** Try it **
Each line in the material below, starting at the one with "GIGI and BELLA" and ending at the one with "На Серовском тракте", is to be reproduced exactly; no picture is to be copied.

** Records shown **
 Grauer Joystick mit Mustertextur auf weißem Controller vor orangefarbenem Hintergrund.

...

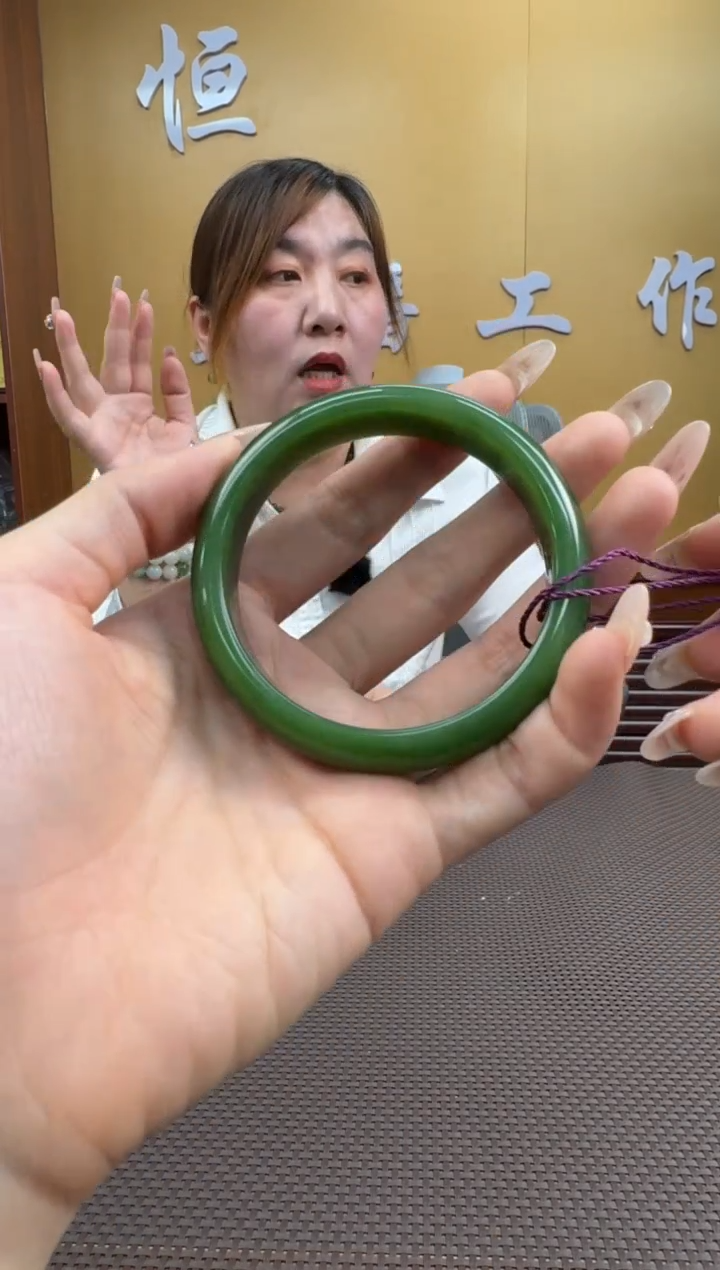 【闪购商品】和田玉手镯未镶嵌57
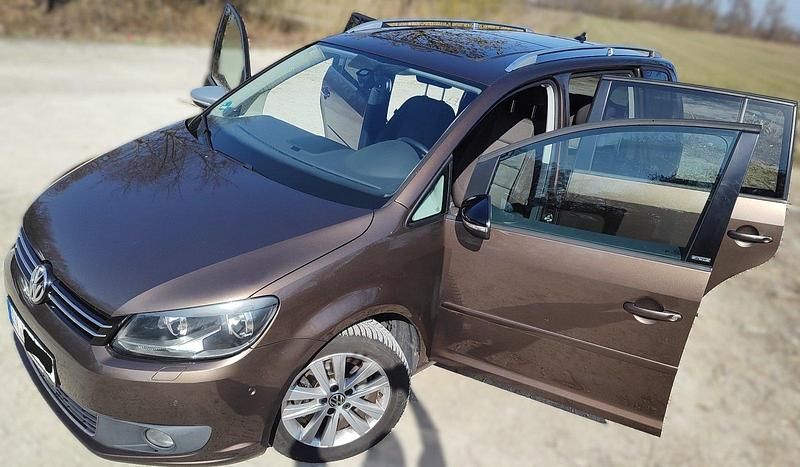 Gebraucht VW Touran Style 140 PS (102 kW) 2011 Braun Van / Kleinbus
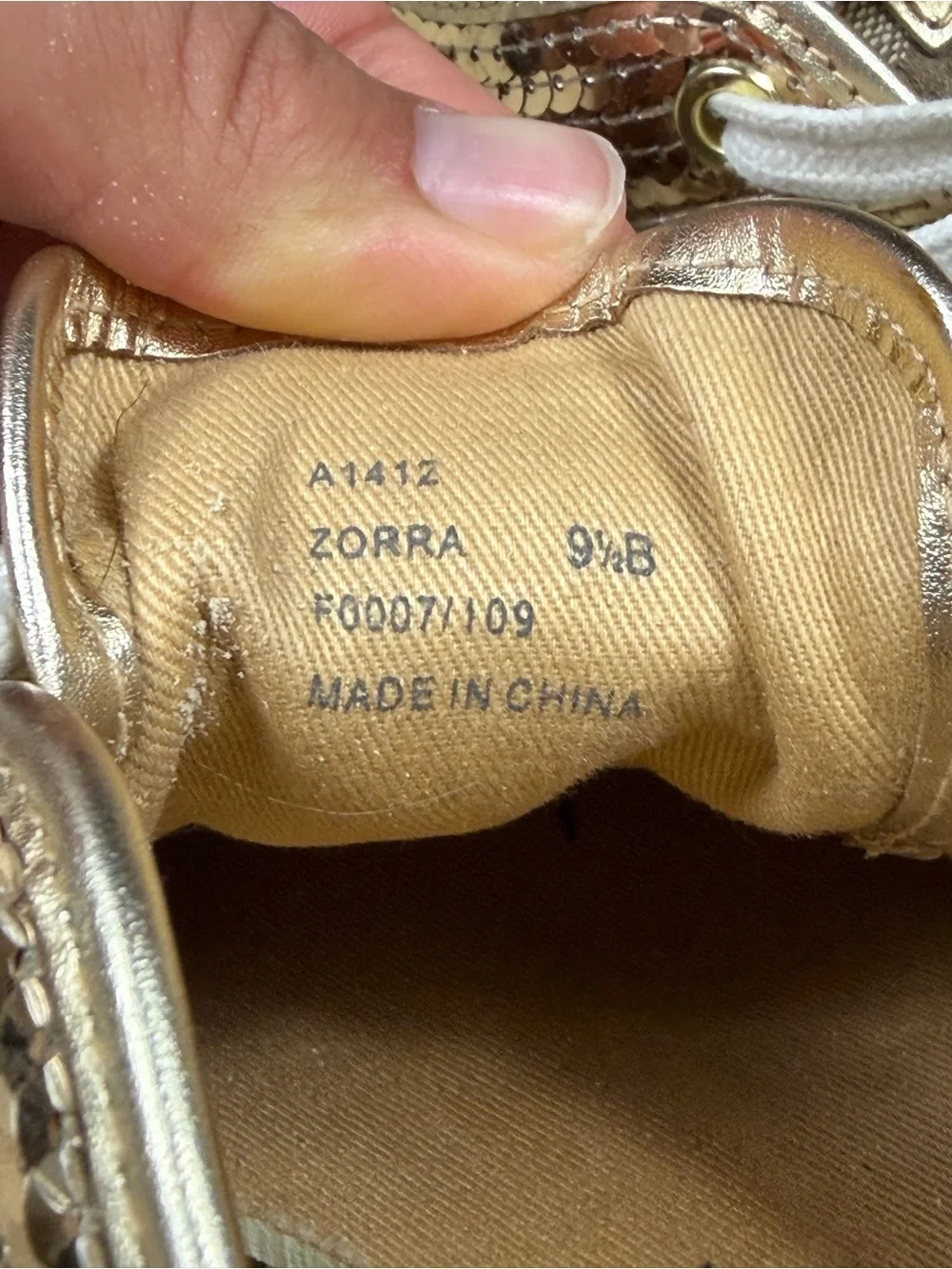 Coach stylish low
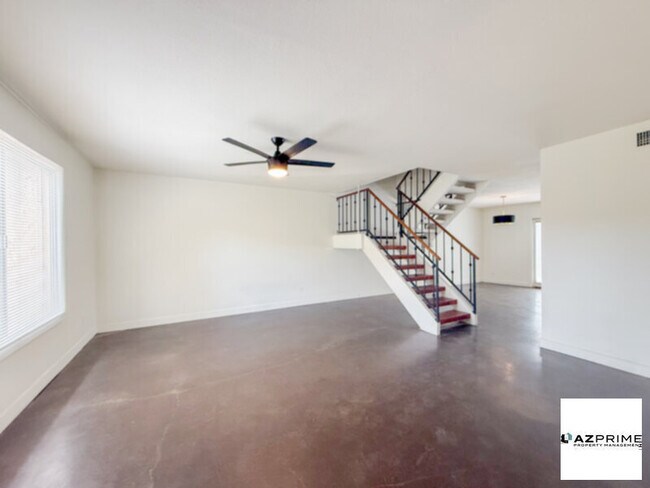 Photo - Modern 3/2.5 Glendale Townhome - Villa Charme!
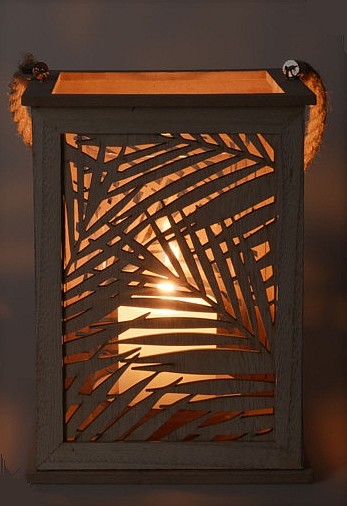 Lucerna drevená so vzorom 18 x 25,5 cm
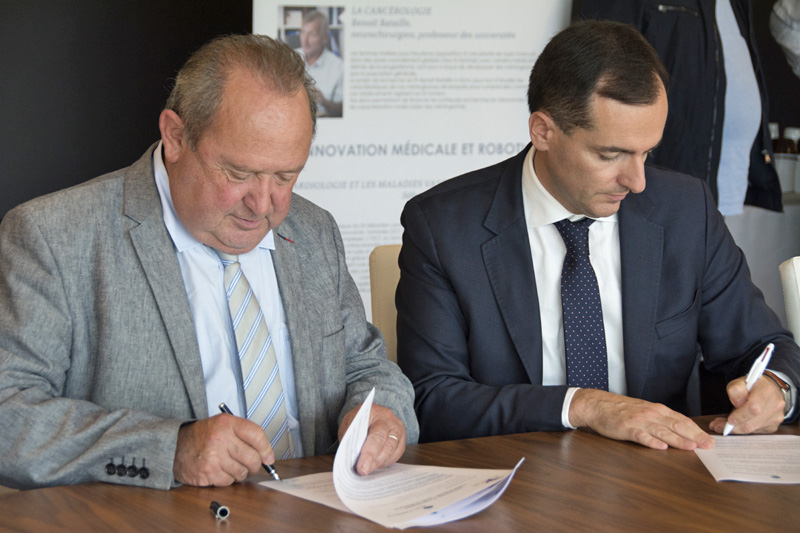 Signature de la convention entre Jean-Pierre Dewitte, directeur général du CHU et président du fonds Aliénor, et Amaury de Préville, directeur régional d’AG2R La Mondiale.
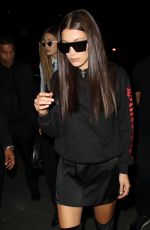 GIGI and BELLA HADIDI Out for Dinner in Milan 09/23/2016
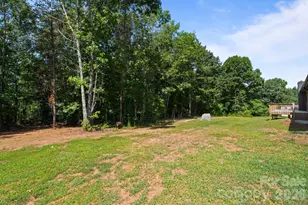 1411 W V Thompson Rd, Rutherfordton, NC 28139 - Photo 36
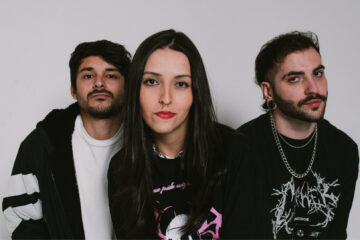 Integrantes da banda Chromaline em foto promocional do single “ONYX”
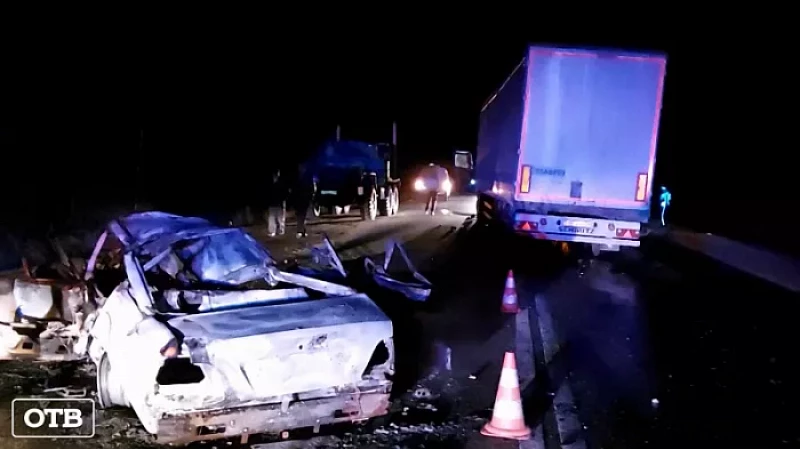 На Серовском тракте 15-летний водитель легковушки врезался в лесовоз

** The answer **
 GIGI and BELLA HADIDI Out for Dinner in Milan 09/23/2016
 1411 W V Thompson Rd, Rutherfordton, NC 28139 - Photo 36
 Integrantes da banda Chromaline em foto promocional do single “ONYX”
 На Серовском тракте 15-летний водитель легковушки врезался в лесовоз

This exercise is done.